7. Philosophy of the Period. A new philosophy, opposed both to the Aristotelianism of the Church and to the rehabilitation of ancient philosophic systems, now assumes to outline the fundamental principles of scientific thought in the theoretical and practical disciplines. Abandoning the old belief in the Fall and the consequent degeneration of the human intellect, it grounded itself on the capacities of the human mind and dared to be as creative in basic principles as the new sciences had been in their respective fields. Philosophy was no longer the handmaid of theology, but ruled an independent realm. The creation of a new philosophy was the work of the great minds of the seventeenth century; its consequences partly destroyed theology and partly transformed it. These consequences were developed in the eighteenth century by the less original thinkers and littérateurs; for though the great men of the eighteenth century, Hume, Berkeley, Kant, belonged in part to the Enlightenment, their original work first bore fruit in the nineteenth. Yet the influence exercised by the great philosophers on the history of philosophy is different from that they exerted on the history of the Enlightenment. Their essentially philosophic problems were too abstruse and subtle to affect greatly a popular movement, and it was rather their secondary contributions that furthered the progress of the Enlightenment. Thus Spinoza and Malebranche exercised practically no influence at all; the influence exercised by Hobbes and Leibnitz was indirect; while that of Shaftesbury and others was only partial. Of greater importance, after Descartes, was the work of Bayle, Locke, Wolff, Voltaire, and the Encyclopedists. Service was also rendered by the Deists who directed their criticism against positive religion, and the ethical writers who sought in the new philosophy a basis for natural morality. There came finally the real philosophers of the Enlightenment, the eclectics and popularizers, the exponents of common sense and natural law, whose philosophical importance is small indeed, but whose historical influence was great.

 

Nevertheless the philosophy of the Enlightenment, in the last analysis, may be traced back to the great philosophic systems. (1) Cartesianism applied the mechanical method to the study of the physical world and the axiomatic process of mathematics to the spiritual. It found ontologic unity in a God who combined in himself physical substance and soul substance. It abandoned everything that was not clear or demonstrable. (2) The sensualism of Hobbes and Locke broke more abruptly with the old metaphysics by discarding self-evident truths and innate ideas and founding all knowledge on the experience of the senses, and its recasting in the soul; yet they found the idea of God necessary for the working of their world machine. From them proceeded the physico-theological arguments for the wisdom and the goodness of an architectonic deity and the treatment of morality on the basis of an empirical psychology which attained to the greatest importance. (3) In reaction against sensualism, Leibnitz, by a method analogous to that of Descartes, established a mechanical world of bodies and a dynamic world of spirits, transforming the old ontology of substances into one of monads. (4) Materialism carried the tenets of sensualism to the extreme by denying the existence of the soul and combating the physico-theological arguments for the existence of God.
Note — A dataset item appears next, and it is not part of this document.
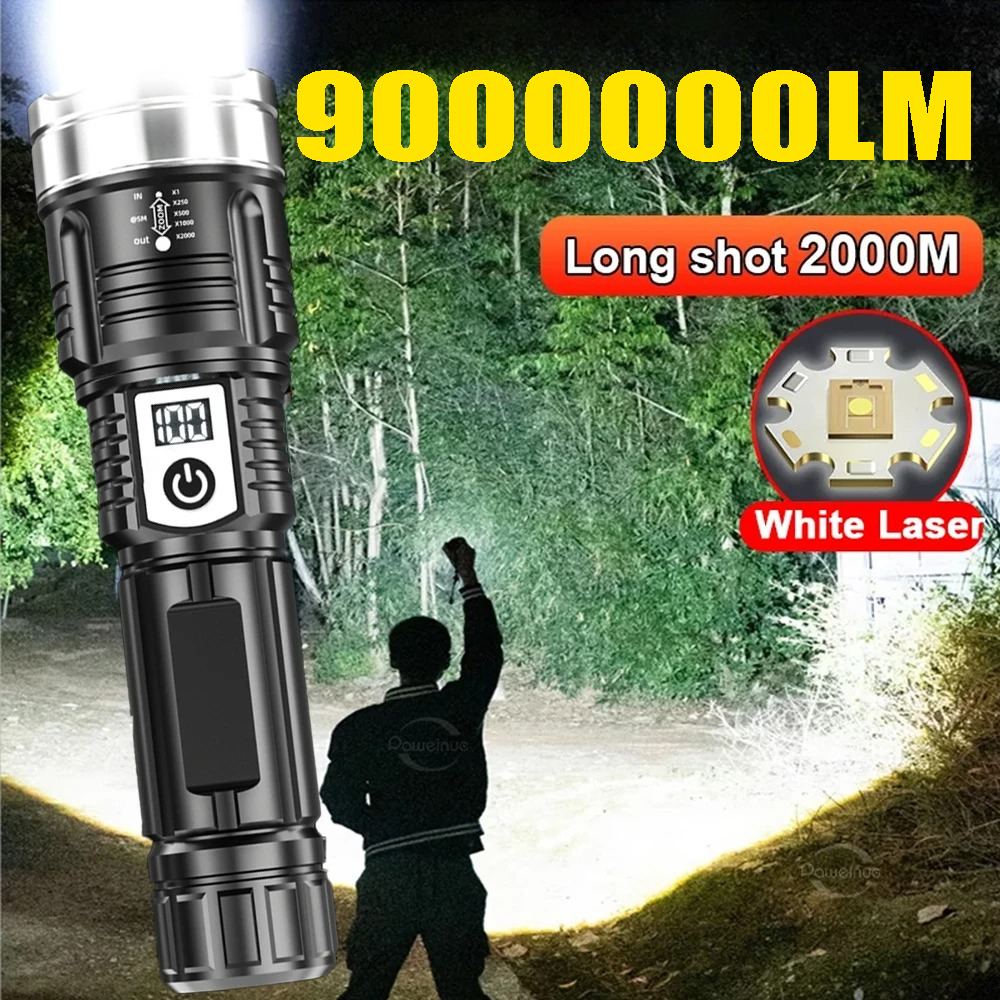 High Power 200000LM LED Flashl - Outdoor Camping Hiking reseña y precio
In Hume and Kant, it is true, the materialism of the new natural philosophy brought forth profound epistemological theories, but the natural sciences on the whole rendered greater services to the revolutionary thought, which attempted, on the basis of the observation of nature and certain elementary data of psychology empirically derived, to create a new metaphysical and ethical system, destined to constitute the precondition for a complete reconstruction of society. Yet to all these contrasting or opposed systems there were common the spirit of antagonism to the theological method, the miraculous and the exceptional, and an undoubting confidence in the power of the intellect to attain knowledge and in power of will to apply it. Especially in the field of ethics the independence of the human conscience was upheld against all supernatural authority, against all revealed systems of sanctions, rewards, and punishments.

 

8. Literature of the Englightenment. It was literature, however, and not philosophy that really insured the triumph of the Enlightenment. The great fact here to be recognized is the cooperation of three forces, a rising bourgeoisie, a growing independence of thought, and the highly developed literatures of England and France. It was literature that finally overthrew theology and created the vocabulary, the battle-cries and very name of the Enlightenment. Holland was the first home of the militant literature of the age. There Bayle published his dictionary and edited his journal (Nouvelles de la républiques des lettres, 1684-87), and Le Clerc published his Bibliothèque universelle (1686-1726). The real origin of the literature of the Enlightenment, however, was in England after the Whig Revolution and the establishment of the freedom of the press in 1693. Locke (d. 1704) and Shaftesbury (d. 1713) were writers of elegance. Pope's Essay on Man (1733) is a theodicy in the spirit of Shaftesbury. The publication of periodicals dealing with contemporary manners and morals prepared the way for the realistic study of life which Fielding (d. 1754), Smollett (d. 1771), Goldsmith (d. 1774), and Sterne (d. 1768) were to carry on with splendid psychological power and absolute freedom from theological predispositions. Defoe (d. 1731) pictured man in a state of nature, and exercised a profound influence on Rousseau and German pedagogy. Bolingbroke (d. 1751) was the first to write philosophic history. The moral theories of the Deists were expounded by Hutcheson (d. 1747), Ferguson (d. 1816), Adam Smith (d. 1790), Wollaston (d. 1724), Price (d. 1791), and Tucker (d. 1799), and the esthetic theories of Shaftesbury were developed by Burke (d. 1797), Gerard (d. 1795), and Hume (d. 1776) who studied the relations between the beautiful and the useful and greatly influenced the German Enlightenment. Richardson's (d. 1761) novels of middle class sentimentality and morals produced an important effect on Voltaire, Diderot, Klopstock, Lessing, and Wieland. The Enlightenment literature in England was not radical, however; extremists, like Toland (d. 1722) among Deists, exercised no great influence, while materialism found in Hartley (d. 1757) and Priestley (d. 1804) only solitary champions. The decline of the Enlightenment in England may be dated from the reaction following the outbreak of the French Revolution.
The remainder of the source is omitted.